Women Headed South on a Wagon, 1865


2nd Lieutenant
Mar 6, 2010
Charlotte, NC
There must be an interesting story behind this brief letter from a Quartermaster in South Carolina to the Quartermaster General (from Georgia) in Richmond. Who were the women? Where headed? Escaping the coming fall of Richmond?

Blackstock{, S. C.} March 16, 1865
General A. R. Lawton {QM General}
I recd yours of the 9th yesterday at Chester. My wagons have not arrived but Capt.
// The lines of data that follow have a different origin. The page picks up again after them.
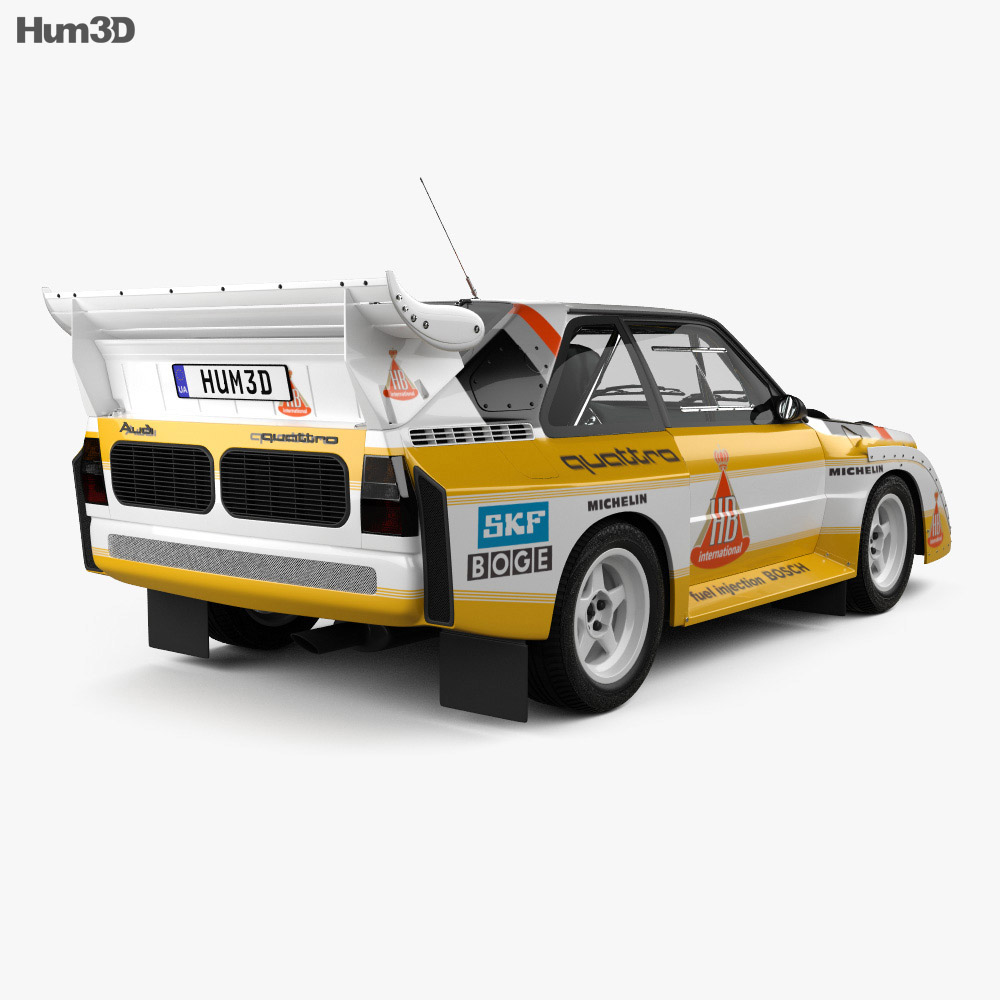 Audi Quattro Sport S1 E2 1985 3D模型 后视图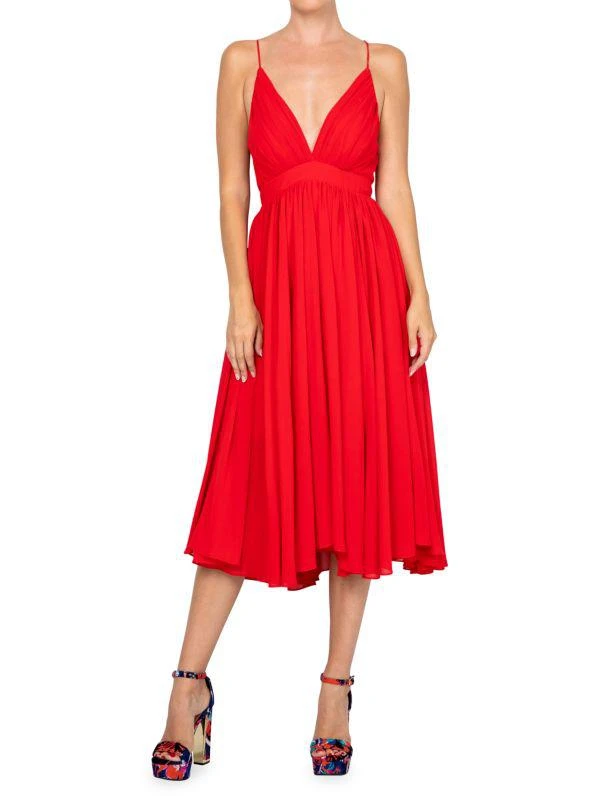 Meghan LA Enchanted Garden Floral Chiffon Midi Dress 1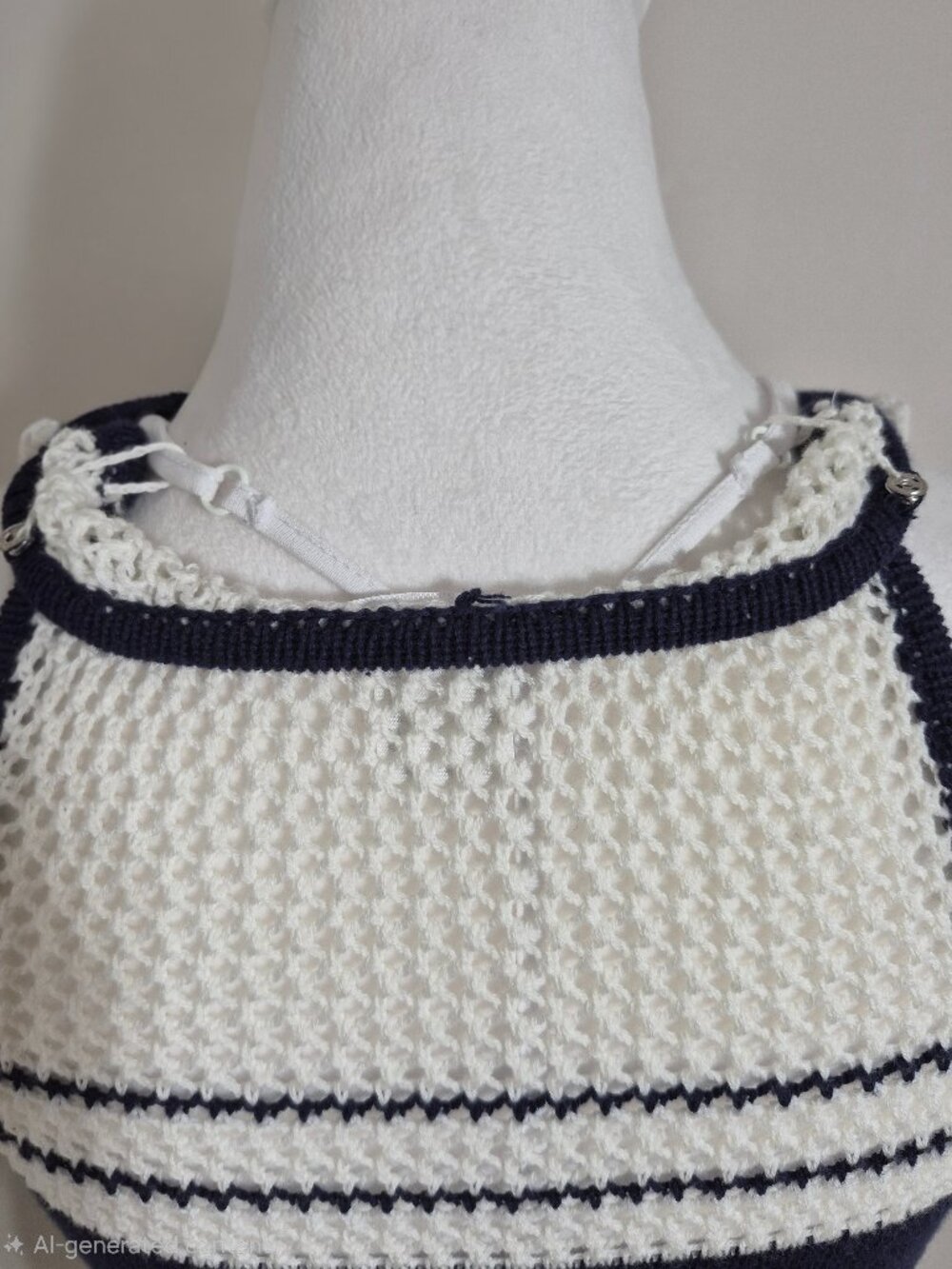 VENUS Women’s Sleeveless Knit Halter Navy & White Maxi Dress – Size XS (NWOT) - Picture 6 of 10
Strong kindly furnished the Ladies with a wagon from Chester to Newberry {both in S. C., a distance of about 45 miles south-west by road}. I thought that route best under all circumstances just now.
Yours Respt.
R. Ward A. Q. M.


1st Lieutenant
Forum Host
Nov 27, 2018
Chattanooga, Tennessee
I am sure of it. Mary Chestnut is a good reminder that the social elite were involved in the affairs of Government, and had to be removed for safety. Maybe a look into her diary could offer a possible theme.


2nd Lieutenant
Forum Host
Apr 18, 2019
A lot of anecdotes pop up in diaries and letters of officers extending courtesies to "ladies" during the War. It was part of the code of gentlemanly conduct that well educated men followed. It's important to note though that this code only extended to those whom the men identified as "ladies" - women of the upper class whose dress and manners and speech, among other signifiers, proclaimed them to be "gently bred." Similar courtesies were not extended to all women. Less educated or less notably cultured women often got harsher treatment. That included enslaved or formerly enslaved women.